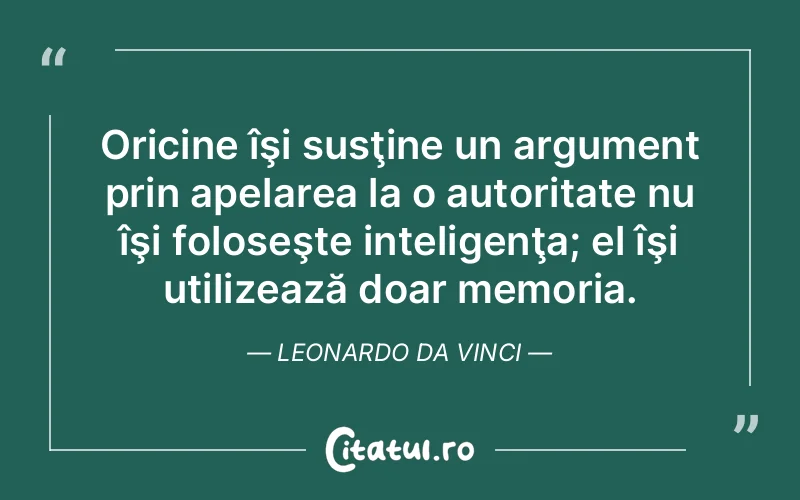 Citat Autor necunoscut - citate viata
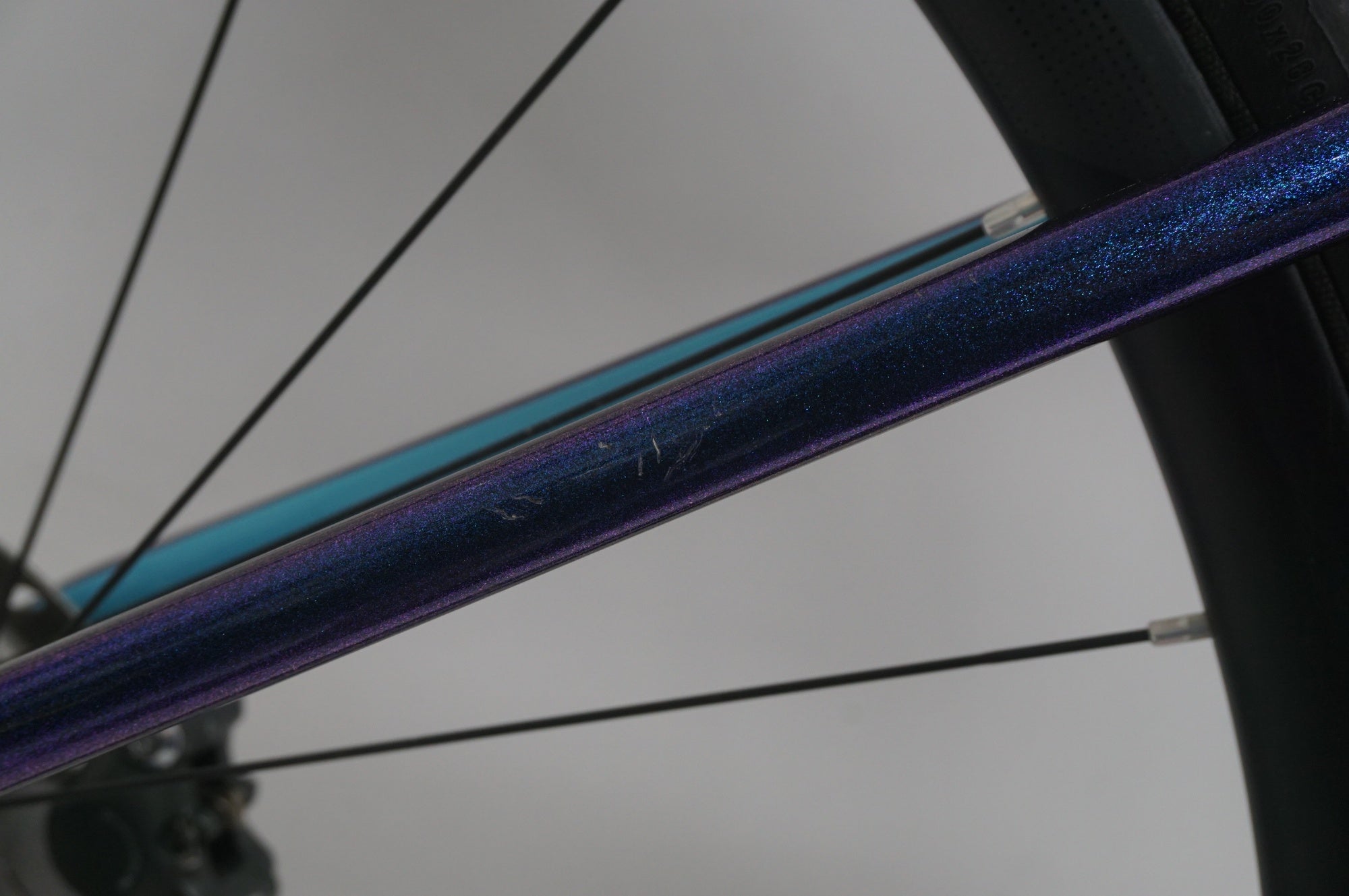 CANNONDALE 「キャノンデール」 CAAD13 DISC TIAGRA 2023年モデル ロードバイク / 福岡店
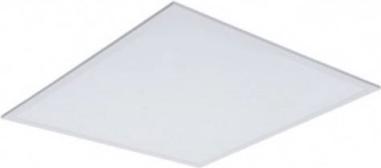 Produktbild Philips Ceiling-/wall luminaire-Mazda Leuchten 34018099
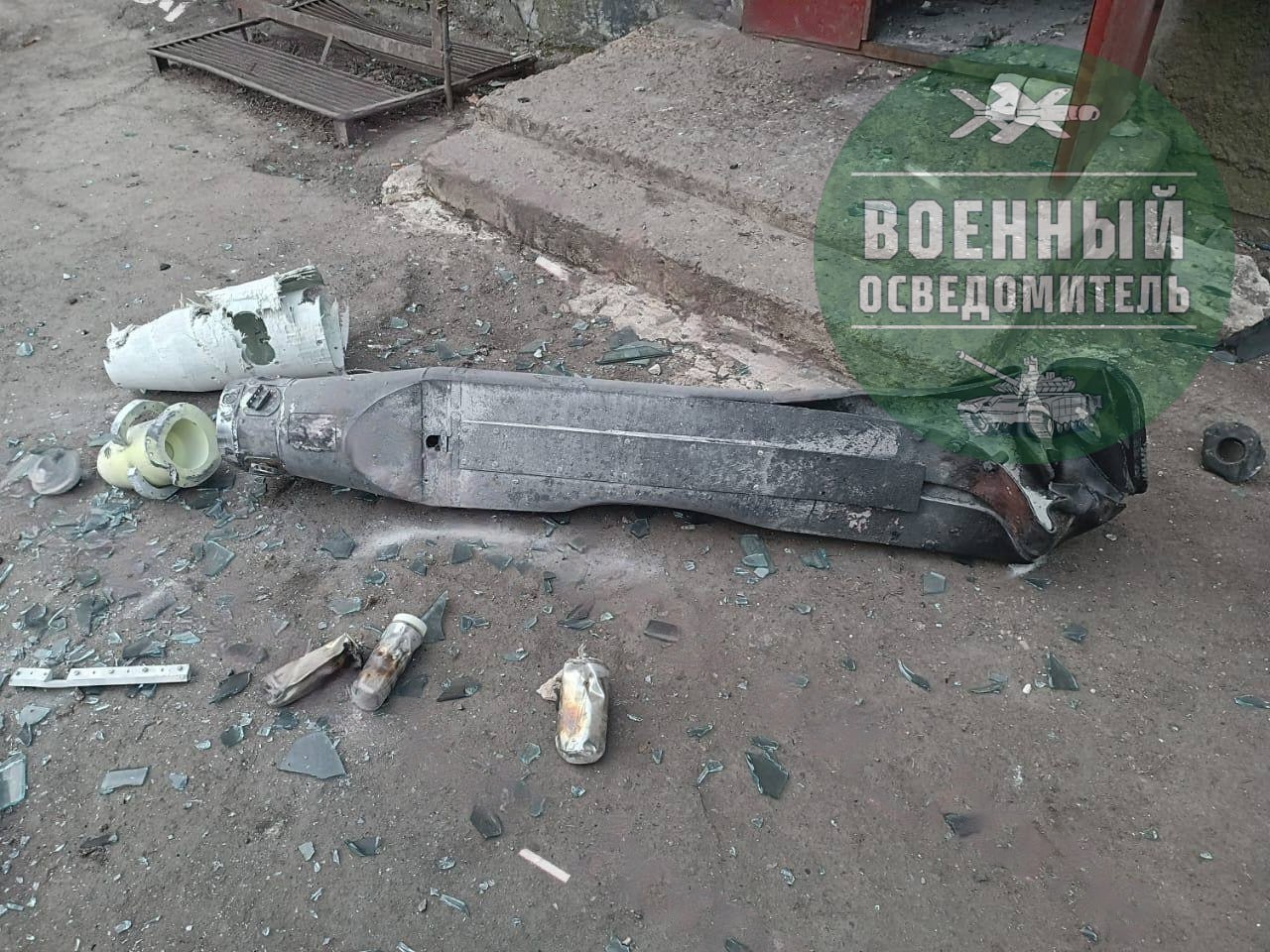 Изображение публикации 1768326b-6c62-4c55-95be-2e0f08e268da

**Assignment**
Lines before the one containing "Produktbild Philips Ceiling-/wall" are not wanted; write out that line and every later line through the end of the data above, exactly, without pictures.

**Response to this exercise**
 Produktbild Philips Ceiling-/wall luminaire-Mazda Leuchten 34018099
 Изображение публикации 1768326b-6c62-4c55-95be-2e0f08e268da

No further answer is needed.